╭─ Material provided

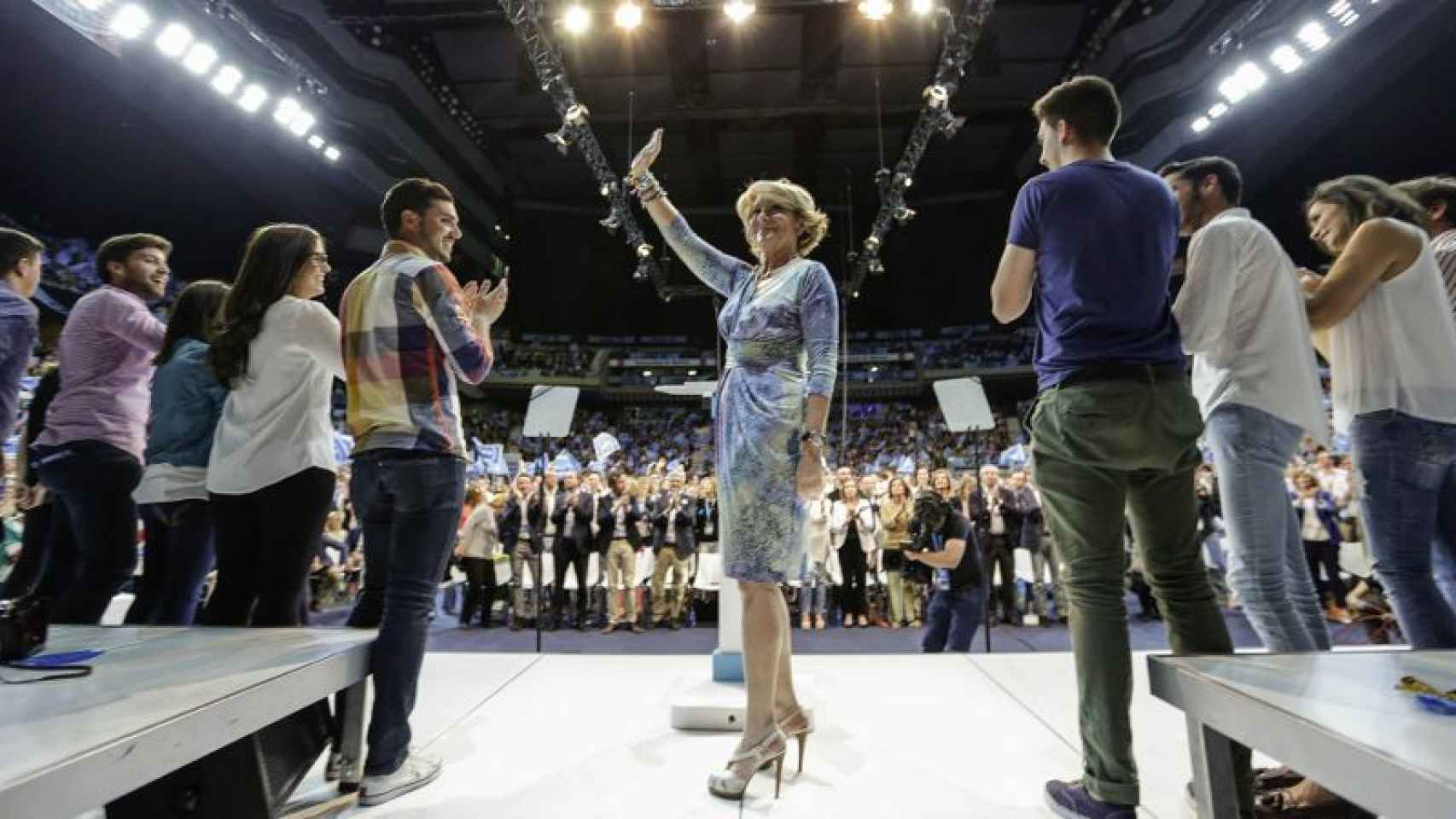 La presidenta del PP en la Comunidad de Madrid, Esperanza Aguirre, en un acto de partido.
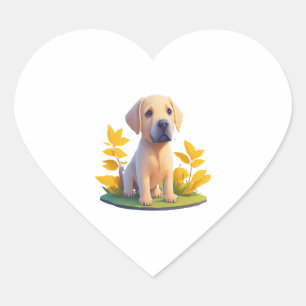 Golden Retriever Doggo T Shirt Niedlich digitaler  Herz-Aufkleber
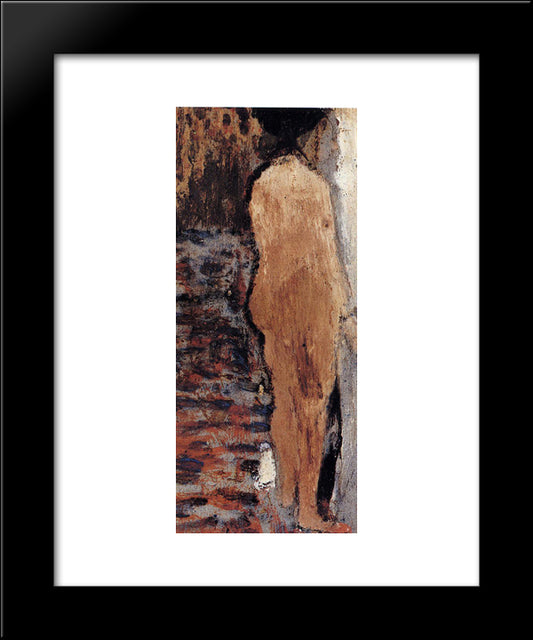 Nude 20x24 Black Modern Wood Framed Art Print Poster by Degas, Edgar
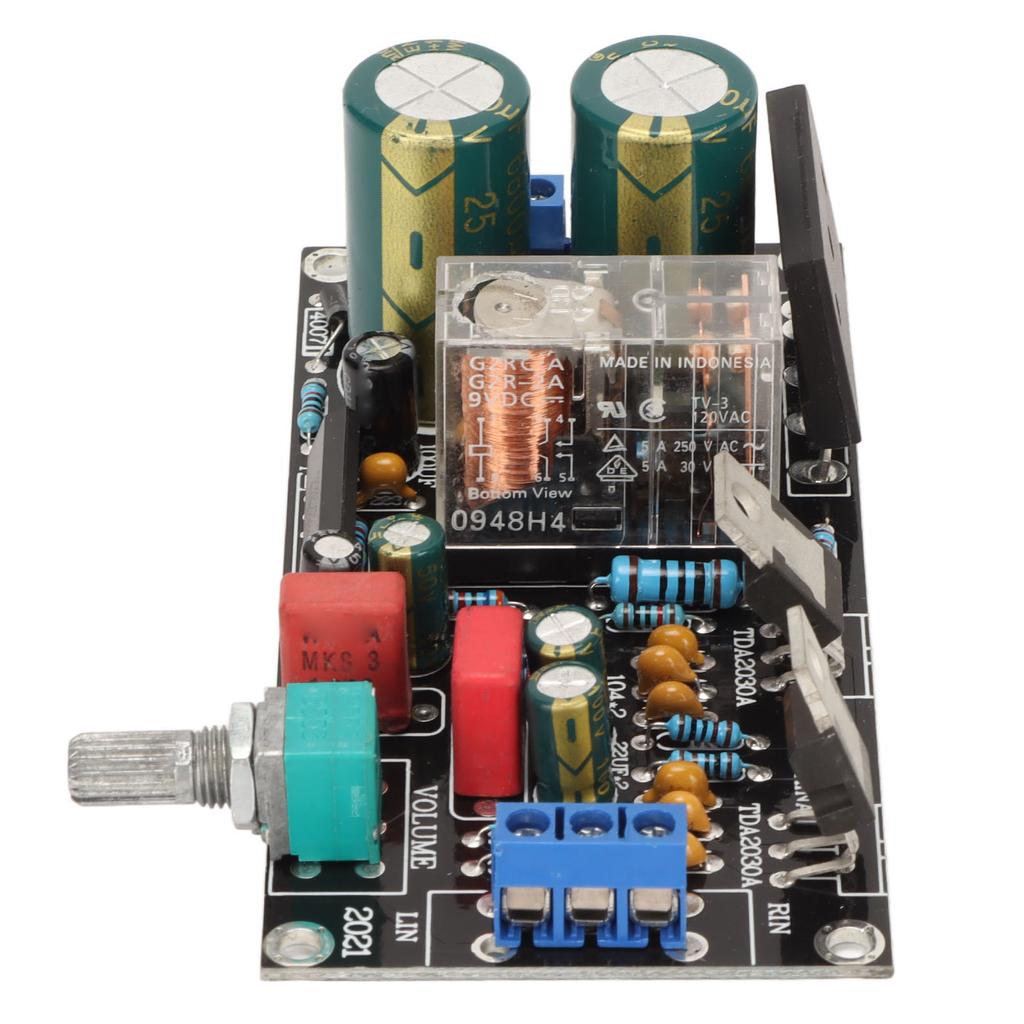 LM1875T Power Amplifier Board Professional Support 2.0 Stereo Dual Channel System Volume Adjustment Power Amp Module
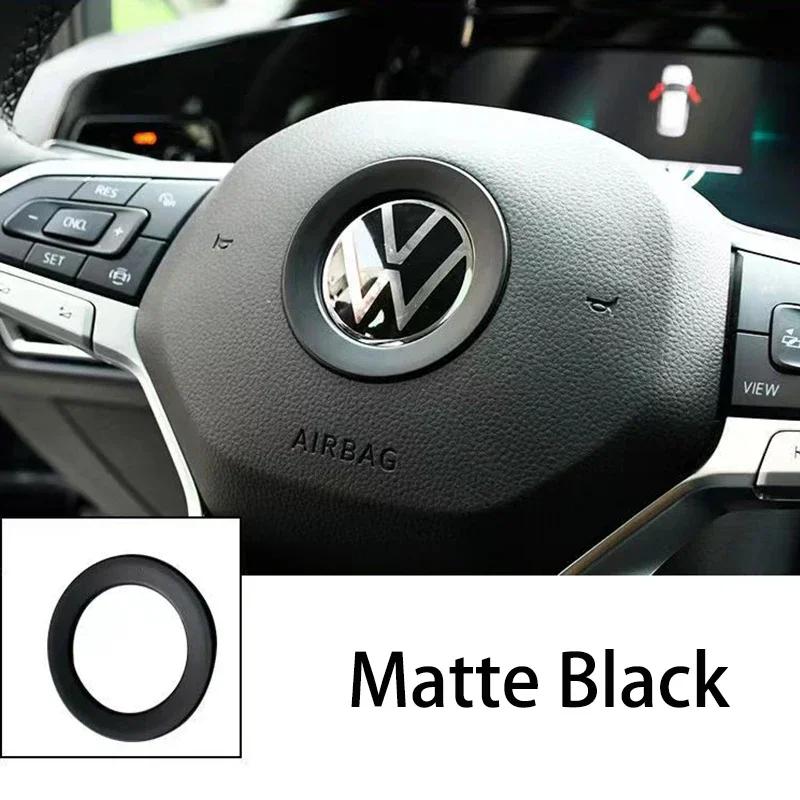 qwe3For VOLKSWAGEN VW Car Interior Steering Wheel Emblem Badge Stickers Accessories For Volkswagen GTI R-Line R Polo T5 Golf Passat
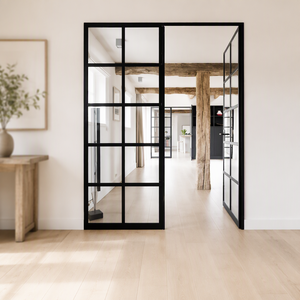 ZK DOORS Yüksek Kalite Özel Alüminyum Çerçeveli Cam Giriş İç Kapı Kanatlı Kapı Çift Temperli Camlı, Su Geçirmez Yıl Garantili - Product Image 3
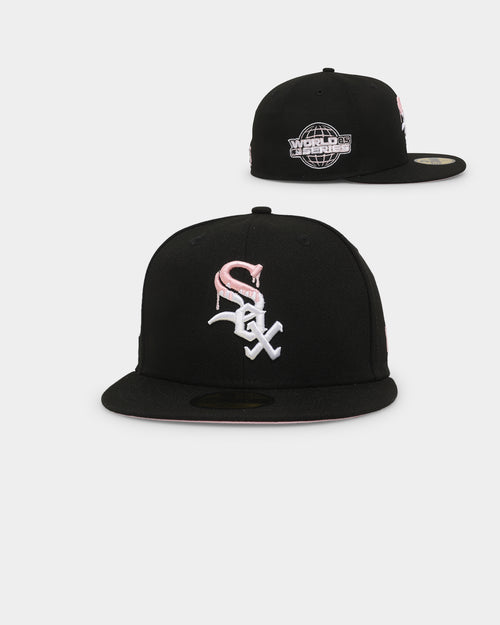 New Era Chicago White Sox 'Pink Drip' 59FIFTY Fitted Black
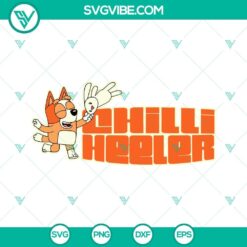 Chilli Heeler SVG Download, Bluey And Bingo Mom SVG Images PNG DXF EPS Digital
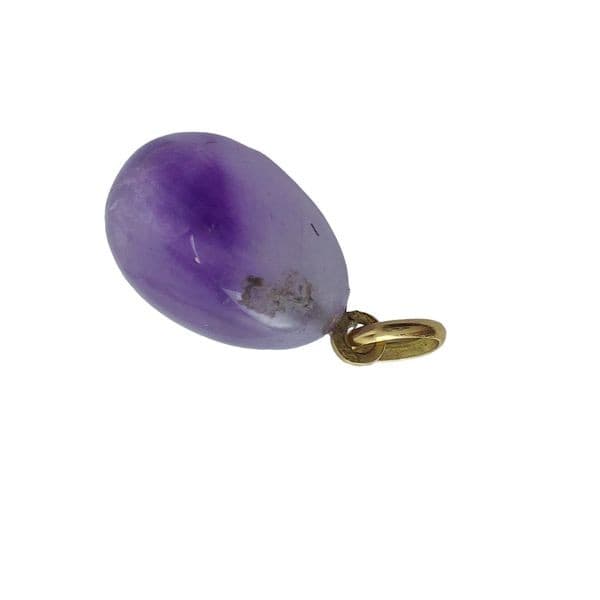 PENDENTIF OEUF AMETHYSTE — vue 3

╰─

# [About this task]
Return word for word the line bearing "New Era Chicago" and every later line of the entries, but none of the pictures.

# [Task response]
 New Era Chicago White Sox 'Pink Drip' 59FIFTY Fitted Black
 Chilli Heeler SVG Download, Bluey And Bingo Mom SVG Images PNG DXF EPS Digital
 PENDENTIF OEUF AMETHYSTE — vue 3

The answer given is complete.